Long-Term Investors Have Not Yet Divested Capital
On-chain data continues to reinforce the argument that a new Bitcoin price surge may be forming in the coming months. According to analyst Axel Adler Jr. from CryptoQuant, an important indicator comparing activity between long-term and new investors shows that "new" coins, representing recent buyers, currently account for only about 30% of total market activity.
This implies that most Bitcoin remains in the hands of long-term holders, who have not shown signs of taking profits, and this is typically the foundation supporting a sustainable growth cycle ahead.

The indicator shows new investors currently represent only about 30% of market activity, significantly lower than previous peaks of 64% in March 2024 and 72% in December 2024. Notably, both these high points coincided with local Bitcoin price peaks, suggesting that when the market is dominated by new investors, it is often a sign of widespread excitement and profit-taking.
Conversely, the current 30% ratio indicates the market still has room for growth before reaching an overheated state. The gradually rising trend of this indicator reflects new funds continuing to enter, while long-term holders have not shown clear signs of divesting. CryptoQuant analyst Axel Adler Jr. further comments: "Old investors are selling moderately. The 0.3 factor shows that the supply from coins held over three years is being well absorbed by new demand, without creating significant price volatility" and "From the perspective of old wallet divestment risk, the current market remains in a balanced state."
Bitcoin's continuous balanced state largely stems from stable absorption from large institutions.

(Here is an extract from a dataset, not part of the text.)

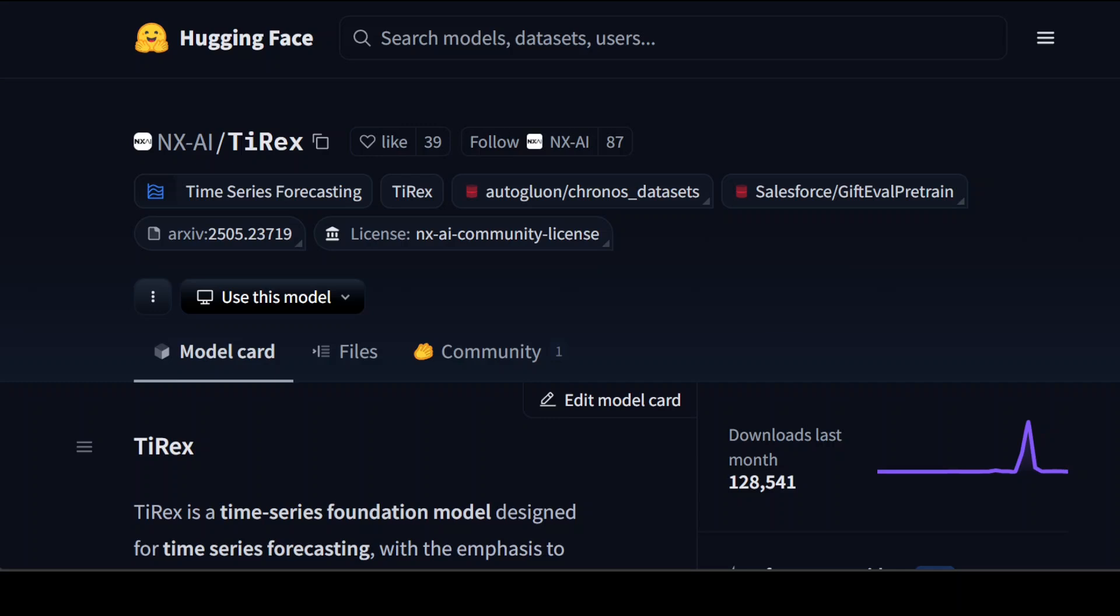TiRex is a specialized time series foundation model built on xlstm architecture, and this is what we are going to install in free Google Colab today. More importantly, I'm going to describe what exactly is this model, what are the real world use cases, and how you can use them.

ETF funds and listed companies continue to steadily accumulate BTC, effectively offsetting short-term selling pressure and helping maintain a stable market structure. This stable demand from institutional players has helped control the risk of deep corrections, keeping the market "structurally healthy" as Bitcoin gradually enters the final months of its current growth cycle.
This article does not contain investment advice or recommendations. All investment and trading decisions involve risks, and readers should conduct their own research before making decisions.